*Task description*:
Produce a word-for-word copy of the listing below without its pictures.

*Input data*:
== Segment start ==

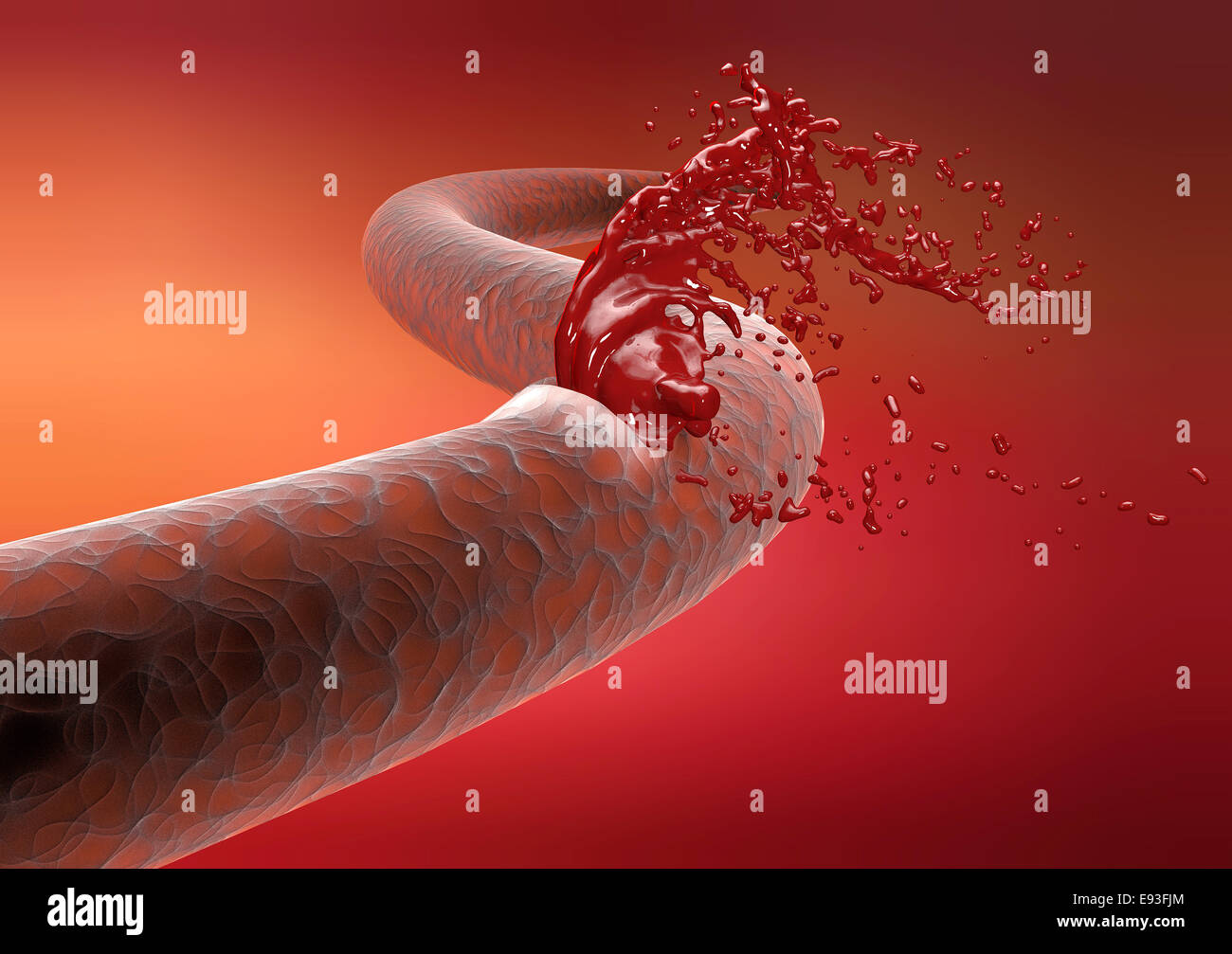 Vene Arterie Bruch Blutungen Blut schneiden Stockfoto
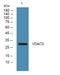 Voltage Dependent Anion Channel 3 antibody, A04802-1, Boster Biological Technology, Western Blot image 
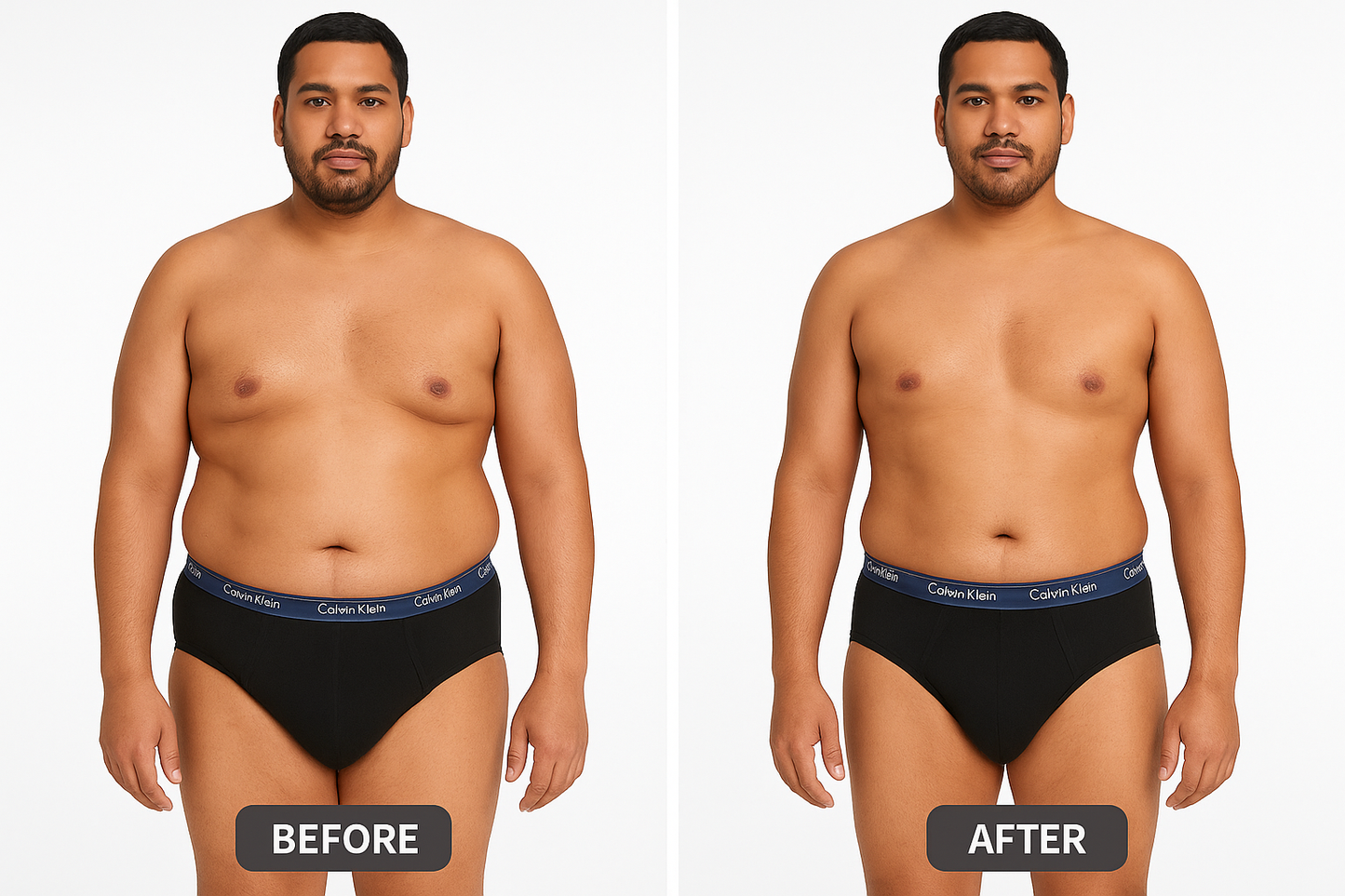 Imagen Comparativa - Antes y después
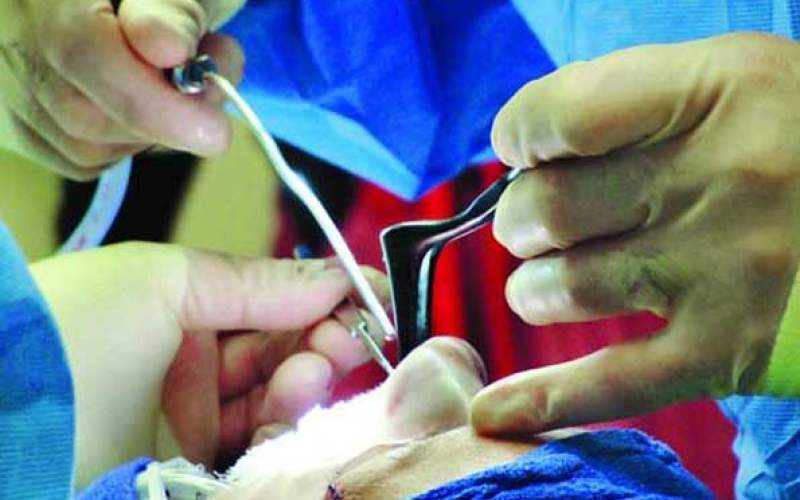 سرانه بالای جراحی بینی در ایران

== Segment end ==

*Completed task*:
 Vene Arterie Bruch Blutungen Blut schneiden Stockfoto
 Voltage Dependent Anion Channel 3 antibody, A04802-1, Boster Biological Technology, Western Blot image 
 Imagen Comparativa - Antes y después
 سرانه بالای جراحی بینی در ایران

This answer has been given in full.